Using Animation to Understand Algorithms in a
Multimedia Teaching System

Kai Warendorf, Wen-Jing Hsu, Yew-Chong Chia
School of Applied Science
Nanyang Technological University
Singapore 639798
wdorf@uranus.sas.ntu.ac.sg, hsu@ntuvax.ntu.ac.sg

Abstract

An algorithm animation environment is a means for exploring the dynamic behavior of algorithms that makes a fundamental improvement in the way we understand and think about algorithms. It presents graphical views of an algorithm in action, exposing properties that might otherwise be difficult to understand. In the first phase a user-friendly tool was developed that can animate selected algorithms (ALGANI 1). The second phase involves developing a platform that can animate arbitrary algorithms (ALGANI 2).

Keywords

algorithms, animation, multimedia, teaching.

1 Introduction

In an algorithm animation environment [Brown 1988], the dynamic behavior of algorithms can be explored and uncovered. Through the use of multiple graphical displays, all views are updated simultaneously in real time as the algorithm is executed. New algorithms, graphical displays, and input generators can be implemented and run with existing libraries of these components. This environment makes use of the concept of a script (typically used as high-level macros) to allow interactiveness. An obvious application of an algorithm animation environment is to show static diagrams of algorithms and data structures in a teaching environment. Students can further explore the properties of an algorithm by using their own data with different displays (from a library of existing displays). More advanced students can code their own algorithms and utilize the set of displays available in the system.

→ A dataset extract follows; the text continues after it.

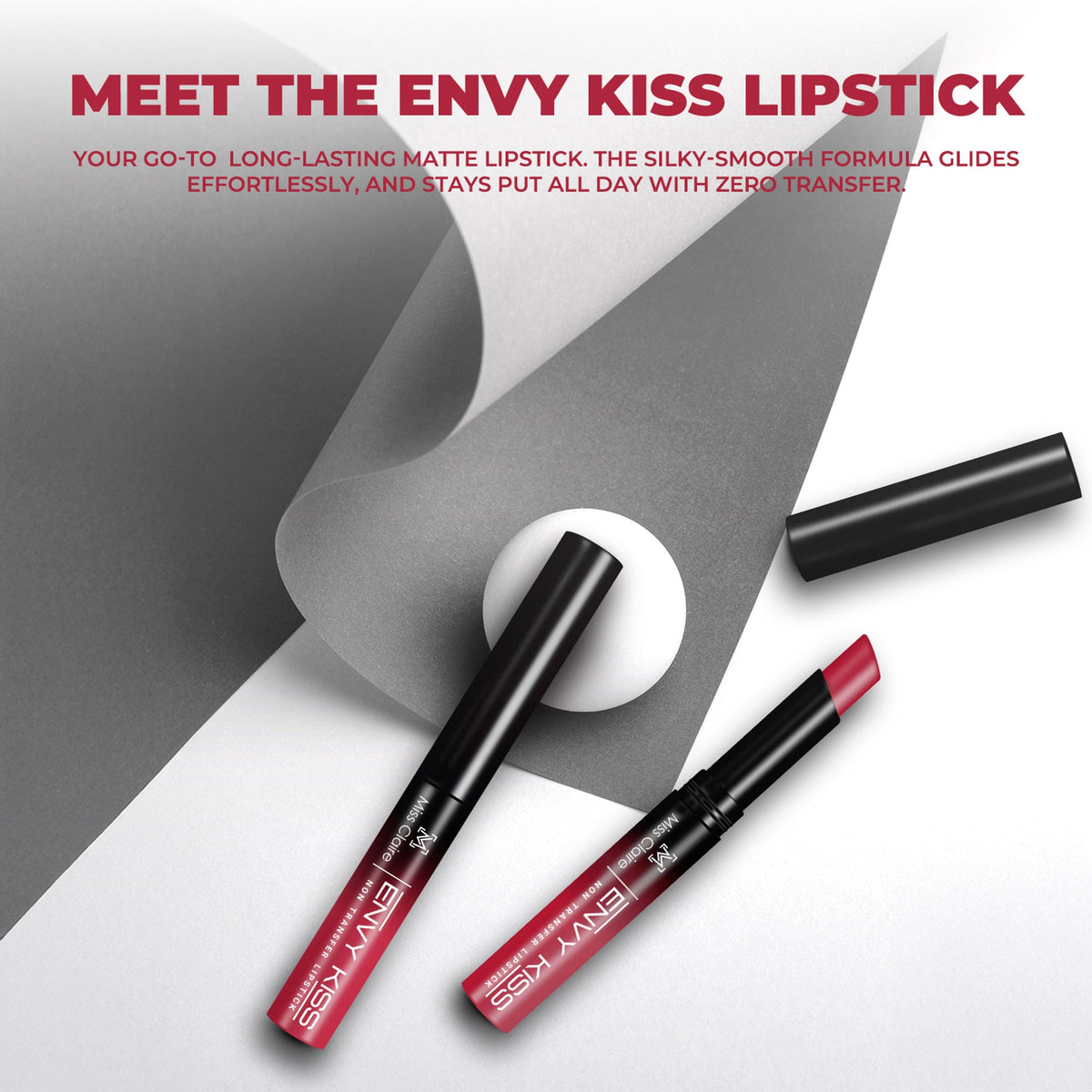 Miss Claire Envy Kiss Non Transfer Lipstick - 03 Petal Pink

An algorithm animation environment can also be used as a tool for research in algorithm design and analysis. Human beings have a limited memory which tends to be inefficient and error prone when processing large amounts of visual information and data. With this tool, interactive experimentation can be performed to produce accurate pictures that best illustrate the desired properties of an algorithm.

Many people have attempted to realize an algorithm animation environment [Brown 1988, Myers 1983, Herot et al. 1982, Baskerville 1985]. In contrast the authors took a different approach to realize such an environment. This project started with the implementation of a specific algorithm animator (ALGANI 1). As the name suggests, ALGANI 1 can only animate a selected number of algorithms. This system was later revamped to become a generic algorithm animator (ALGANI 2).

2 A specific animator: ALGANI 1

The purpose behind the first phase of this project was to develop a teaching tool that could be used for laboratory support in a course on data structures and algorithms. The initial plan was to produce a workable module that could animate some commonly used algorithms such as sorting, graph and tree algorithms. Building a generic library for animating arbitrary algorithms was not the scope of this project since the intention was to use it as a demonstration teaching tool.

2.1 User Interface Design

In designing the user interface, special attention was given to its user-friendliness and the ability for future upgrading. The term user-friendliness means that the user should be able to use the software without much help. The cascading pull-down menu is one way of enhancing the future upgradability of the software. To upgrade the software, new algorithms can easily be included in the pull-down menu. Figure 1 shows the user interface of ALGANI 1.

2.2 How the animation works

Three phases are involved in this animation environment: namely the idle, initialization and animation phases. The system always starts with the idle state. At this point the user can choose between the type of input: interactive or from data file. After the data is retrieved and the initialization phase is completed, the user may select any algorithm from the pull down menu and click the play button for a complete animation or click the step through button for a step-by-step animation (animation phase).

Figure 1

Figure 1 User interface of algani1

2.2.1 Selection sort

To start off, choose the selection sort algorithm from the menu and specify the input type. A bar chart will be displayed in the display window as shown in Figure 1 if data is obtained from a data file. The height of each bar is proportional to its numerical value. To insert any data to the display, the user simply keys in the new value in the item field and clicks the add button. The height of all the bars will be readjusted if necessary. The small bar below the bar chart indicates the number of keys that have already been sorted. Figure 2 shows the selection sort algorithm in the middle of its execution.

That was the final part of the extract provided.